Şimdi yasanın metnine bakalım: Madde 1 - Atatürk'ün hatırasına alenen hakaret eden veya söven kimse bir yıldan üç yıla kadar hapis cezası ile cezalandırılır. Atatürk’ü temsil eden heykel, büst ve abideleri veyahut Atatürk'ün kabrini tahrip eden, kıran, bozan veya kirleten kimseye bir yıldan beş yıla kadar ağır hapis cezası verilir. Yukarıdaki fıkralarda yazılı suçları işlemeye başkalarını teşvik eden kimse asıl fail gibi cezalandırılır. Madde 2 - Birinci maddede yazılı suçlar; iki veya daha fazla kimseler tarafından toplu olarak veya umumi veya umuma açık mahallerde yahut basın vasıtasıyla işlenirse hükmolunacak ceza yarı nispetinde artırılır. Birinci maddenin ikinci fıkrasında yazılı suçlar zor kullanılarak işlenir veya bu suretle işlenmesine teşebbüs olunursa verilecek ceza bir misli artırılır. Madde 3 - Bu kanunda yazılı suçlardan dolayı Cumhuriyet savcılıklarınca re'sen takibat yapılır. Madde 4 - Bu kanun yayımı tarihinde yürürlüğe girer. Madde 5 - Bu kanunu Adalet Bakanı yürütür.

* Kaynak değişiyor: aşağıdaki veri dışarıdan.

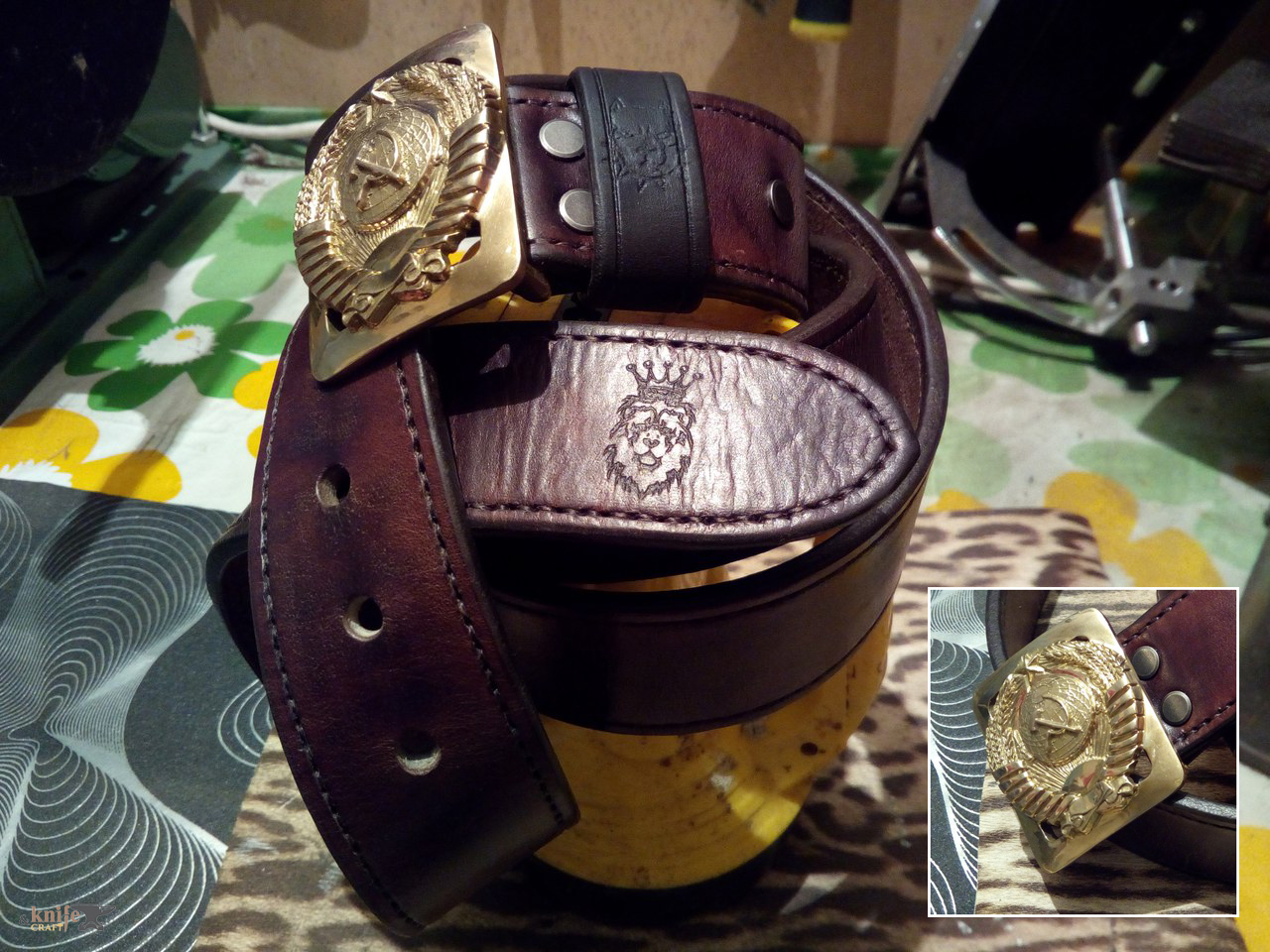 Brown hand-made belt made of buffalo leather "Born in the USSR" and buckle with the emblem of the USSR by Alexandr Mehord
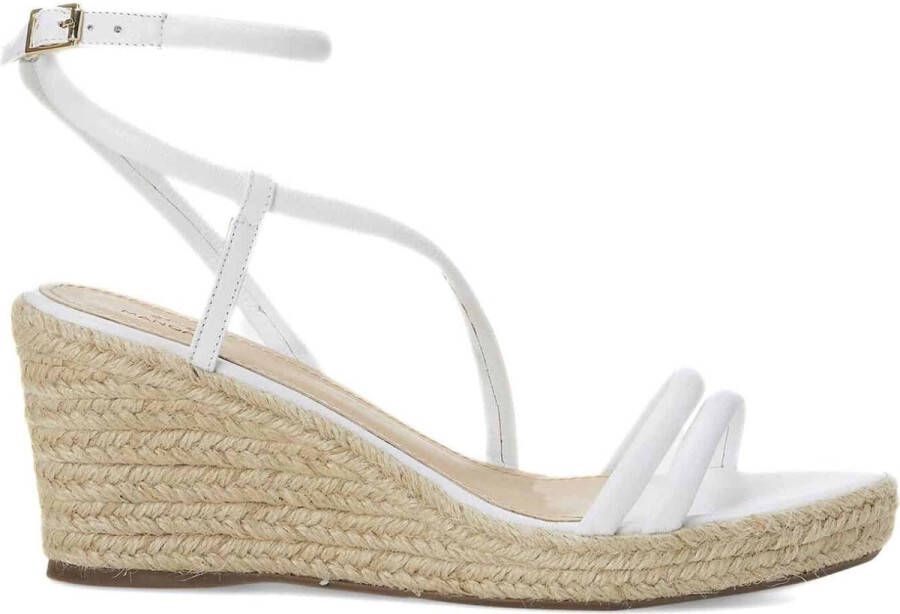 Mangará Romã Dames espadrilles Leer en Raffia Wit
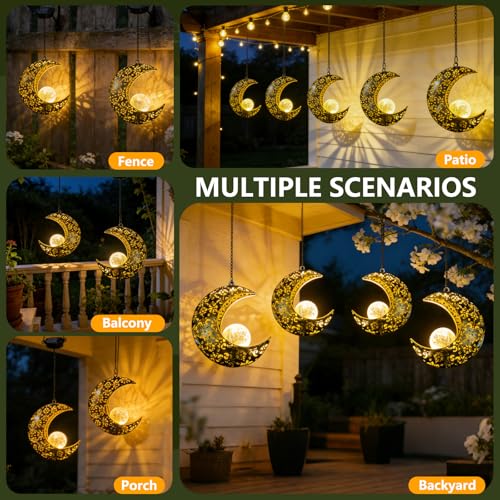 Solar Garden Hanging Moon Lights Outdoor Decor,2 Pack Metal Lanterns Art Decorations for Outside Yard Lawn Patio Wall Fences Driveway Trail,Unique Housewarming Gardening Gifts for Women Mom - size: 2 PACK Moon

Yasa böyle olmasına rağmen, Atatürk düşmanları, sanki yasa Atatürk'e yönelik eleştirileri engelliyormuş gibi, “Milletinden yasa ile korunan lider” şeklinde yasayı hayasızca eleştirmişlerdir. Onları anlamak mümkündür. İslam kisvesi altında Hıristiyan emperyalizminin uşağı olan bu türleri ne yazık ki İslam dünyası çok görmüştür. Bir yanda bütün hayatını Hıristiyan ordularına karşı savaşta geçiren Gazi Mustafa Kemal Atatürk öte yanda “bunlar”. Bunları anlamak kolayda Fatih Altaylı ve Murat Bardakçı'nın meseleyi bu ölçüde çarpıtmalarını, “Dersim olaylarında Atatürk'ün rolünü tartışamayız, çünkü Atatürk'ü koruma yasası var” demeleri ve İlber Ortaylı'nında bu çarpıtma ve seviyesizlik karşısında susması. İşte bunu anlamak zor.